Obama's ratings fell in June and July after remaining mostly flat during the spring. Our Pollster.com trend estimate, a composite of all public polls, had shown Obama's job approval rating at a fairly consistent 59 to 60 percent during March, April and May. His approval percentage fell roughly 5 percentage points during June and the first week of July, however, and as of this writing, stands at 55 percent [...]
We can see the effect clearly thanks to a new question tracked since December by the Pew Research Center's News Interest Index surveys. Once a month, they ask Americans if they are "hearing mostly good news about the economy these days, mostly bad news about the economy or a mix of both good and bad news." Back in December, four out of five respondents said they were hearing mostly bad news. Early this year, that number steadily declined, bottoming out at 31 percent in mid-May. As Pew reported last week, however, perceived bad news has once again increased, to 37 percent in mid-June and 41 percent in the first week of July.
The chart below compares the trend in perceived bad news to Pollster.com trend estimates for both the Obama job rating and a question asked in many national polls about whether the country seems to be "headed in the right direction" or "off on the wrong track."
Not surprisingly, the "right direction" and "heard mostly bad news lately" trend lines are mirror images of each other. And while Obama's approval number held mostly steady from March through May, the chart strongly implies that the recent bad economic news has taken its toll.
The President is starting, as expected, to own the economy, as his decisions take prominence over those of his predecessor. And with the jobless rate, by Obama's own admission, likely to tick up over the next several months, in addition to the crisis of the underemployed (as much as 1 in 4 workers in some states), this is likely to continue and further drag on both the economy and the President's approval rating. Therefore he has a responsibility for his own self-preservation to turn the economy around for working people, and that means at least preparing for the eventuality of another round of stimulus, even if it's not needed. Even Mark Zandi, one of John McCain's economists during the campaign, admits that:
It is premature to conclude one way or another if the economy needs another dose of fiscal stimulus. The current stimulus has not had a sufficient opportunity to work, and while it has already provided some benefit to the economy -- the downturn would be even worse without it -- its benefit won't be fully felt until later this year. A reasonable judgment regarding the need for more stimulus should wait until year's end.

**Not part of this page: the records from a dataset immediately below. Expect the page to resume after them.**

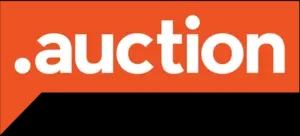 auction tld thumbnail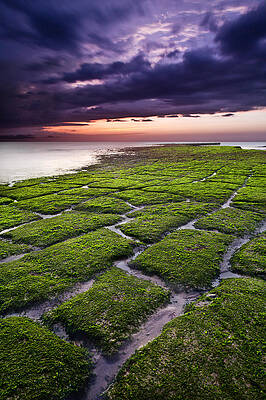 Wall Art - Photograph - Nature's promenade by Jorge Maia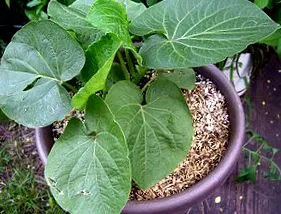 кава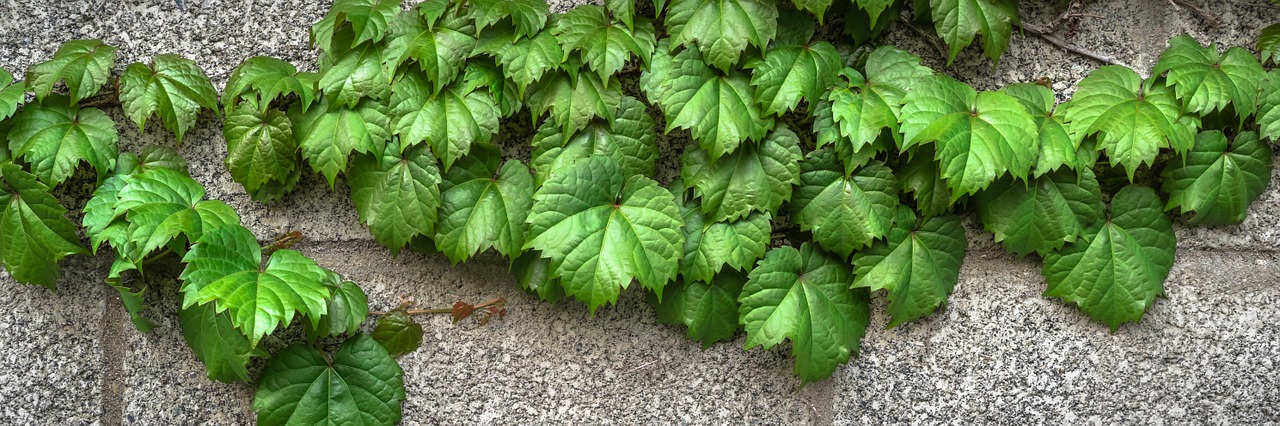 ivy vine the leaves free photo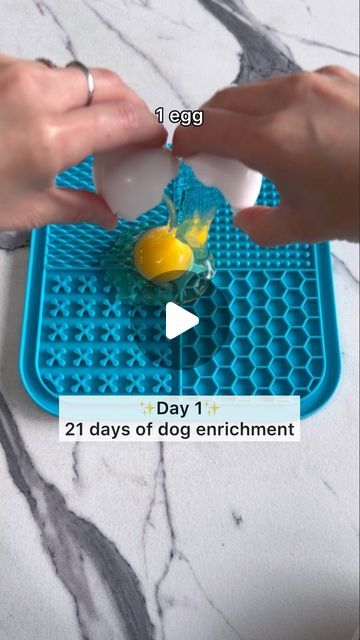 Mika | Golden Retriever on Instagram: "💡Day 1 of 21 Days of Dog Enrichment

Easy, healthy, long lasting. We’re kicking off this series with one of the most genius enrichment hacks we’ve done. 

Prep time: 1 minute
Ingredient: 1 egg
How to: Spread raw egg on microwavable lick mat, microwave 30s. Let it cool before serving. It’s best when the egg is gently cooked. If it’s cooked too much, it might be too hard for them to lick off from the lick mat and cause frustration.😋

IB: @itsatlasthegolden 

#dogenrichment #dogtips #enrichmentfordogs #ditchthebowl #doghacks" Enrichment For Dogs, Dog Enrichment Ideas, Canine Enrichment, Doggie Treats, Dog Enrichment, Dog Hacks, The Egg, 1 Egg, 21 Days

Planning now for another round of stimulus is prudent, though, given that the economy remains in an extraordinarily severe downturn and the risks are decidedly to the downside. If additional stimulus is needed, then it probably should include more aid to hard-pressed state governments, whose budget woes are intensifying, more aid to stressed households hammered by what will be double-digit unemployment, an expansion of the housing tax credit to stem the ongoing slide in house prices, a delay in legislated increases in marginal personal tax rates in 2011, and perhaps even a payroll tax holiday.

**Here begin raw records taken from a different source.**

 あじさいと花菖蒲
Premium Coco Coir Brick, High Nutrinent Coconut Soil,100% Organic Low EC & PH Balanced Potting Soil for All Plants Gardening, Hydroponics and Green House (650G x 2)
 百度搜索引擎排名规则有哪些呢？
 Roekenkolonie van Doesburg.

I'd tend not to include additional tax cuts, which have been revealed not to work as stimulus. Because of the lag time with getting infrastructure projects and other federal monies into the hands of communities, most of the stimulus money currently in the economy comes in the form of tax cuts. And it has had little stimulative effect.

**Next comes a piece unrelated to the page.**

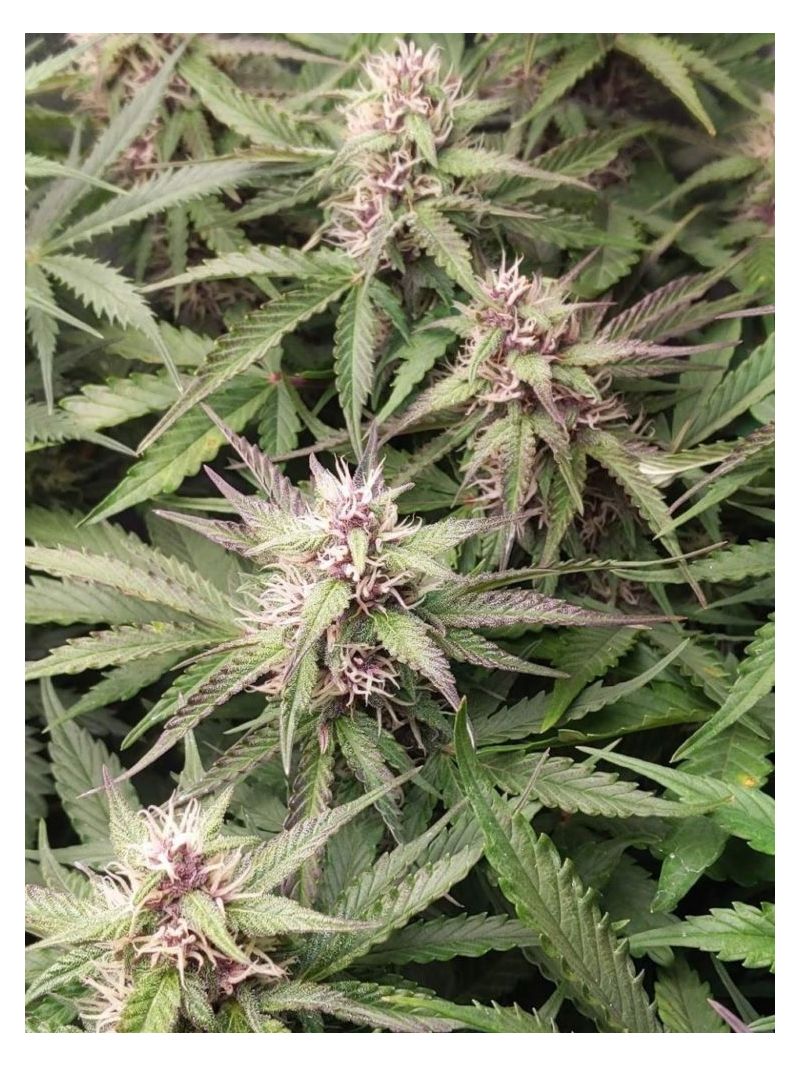 Babushka Black Auto, Фасовка: 10, изображение 4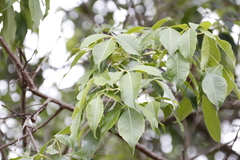 Searsia chirindensis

Oberstar defended the $27 billion in the stimulus for highway and bridge projects as the right amount to help the economy during the next year. However, he said that more transit money in the stimulus would have been helpful to an economic recovery over the next three years, rather than the nearly $300 billion in tax cuts.
“Not many people realize they got a tax cut,” Oberstar said. “I have not received a single e-mail, phone call, snail mail, personal comment from anybody since we enacted this bill, since the end of February, saying, ‘I got my tax’ or ‘Thanks for the tax cut’ or ‘I hardly noticed it’ or anything.
“But I have had people saying, ‘I’m back at work because of the funding in the surface transportation program.’”
I know the fiscal scolds don't want to hear about another stimulus and additional federal debt. But Robert Reischauer has a decent compromise proposal to "time-release" deficit reduction measures in tandem with stimulus funding:
[A]ny "Son of Fiscal Stimulus 2009" should include a significant "time released" package of deficit-reduction measures. While these tax increases and spending cuts shouldn't begin phasing in until 2013 or 2014, when the economy has recovered, we need to send a strong signal to our creditors that, notwithstanding our addiction to another shot of fiscal stimulus, we will soon be on the recovery road to fiscal responsibility. If we don't, the nation could face a more serious economic collapse in the not-too-distant future -- without an ability to borrow to finance needed fiscal stimulus.
That would certainly achieve the goal of ensuring the most stimulative actions stay in the bill, while allaying concerns about debt (which aren't entirely off-base).